— What you are asked to do —
With the images excluded, set down every line of the listing below exactly.
### Collected data
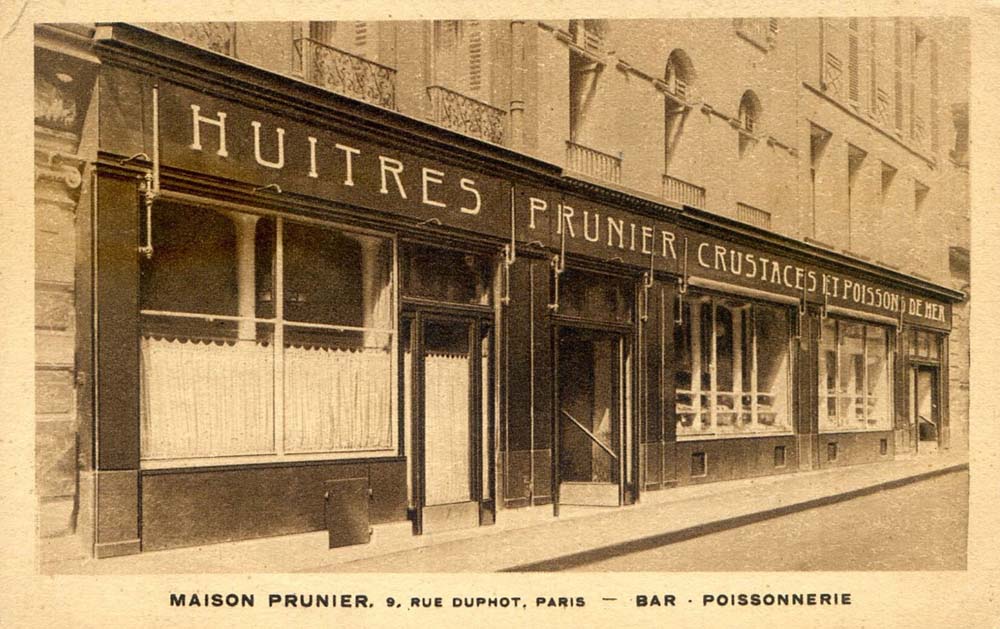 Maison Prunier - 9, Rue Duphot, Paris - Bar, Poissonnerie - Huîtres, Crustacés et Poissons de Mer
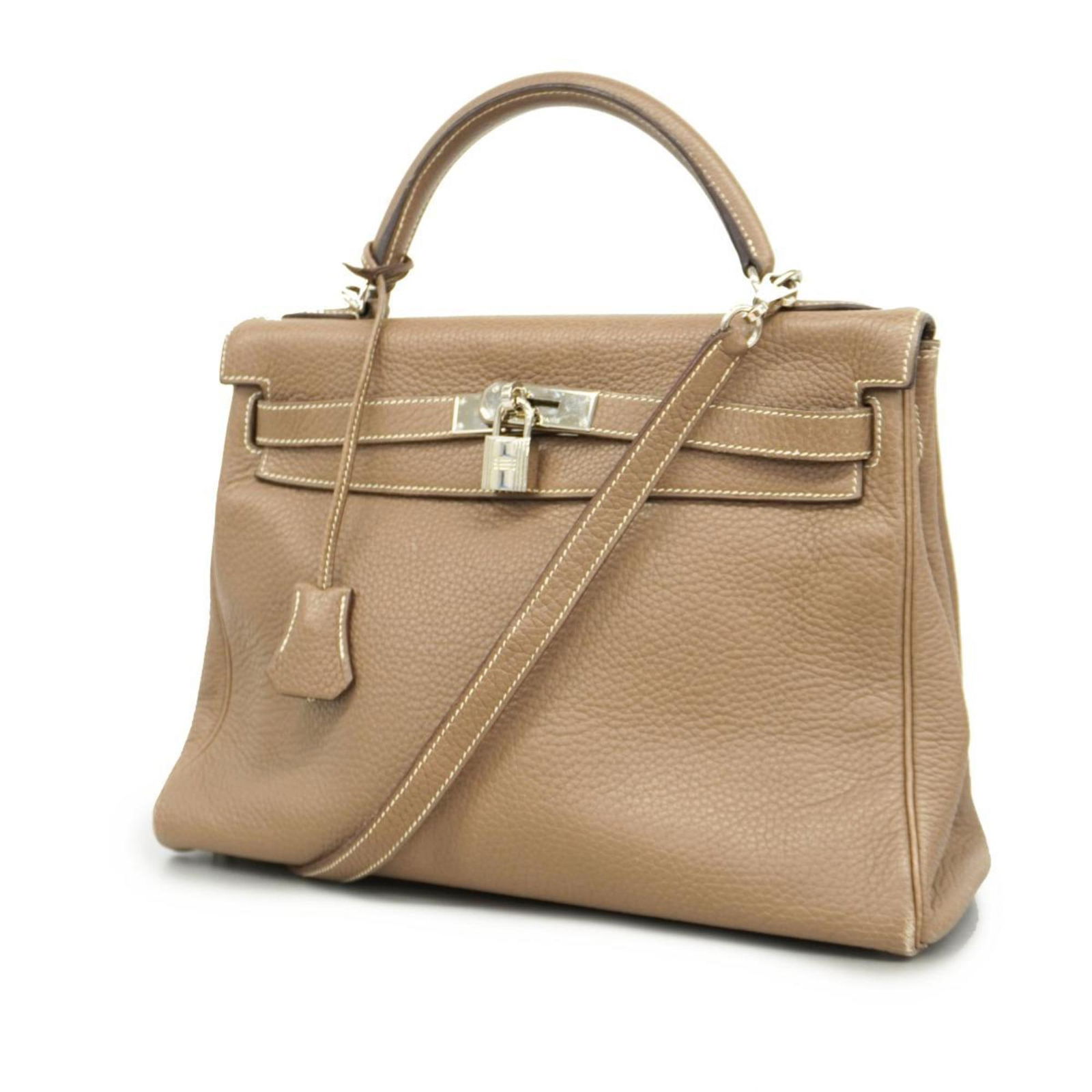 Beige Leather Hermes Kelly 32 Handbag with Silver Hardware (1 of 18)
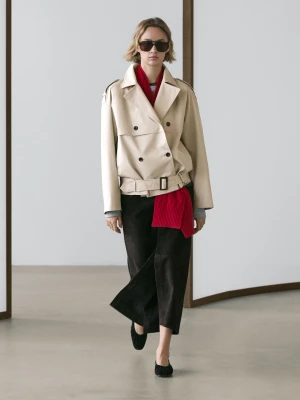 Krótki Trencz Z Paskiem - Beżowy - - Massimo Dutti - Kobieta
######
— Final answer —
 Maison Prunier - 9, Rue Duphot, Paris - Bar, Poissonnerie - Huîtres, Crustacés et Poissons de Mer
 Beige Leather Hermes Kelly 32 Handbag with Silver Hardware (1 of 18)
 Krótki Trencz Z Paskiem - Beżowy - - Massimo Dutti - Kobieta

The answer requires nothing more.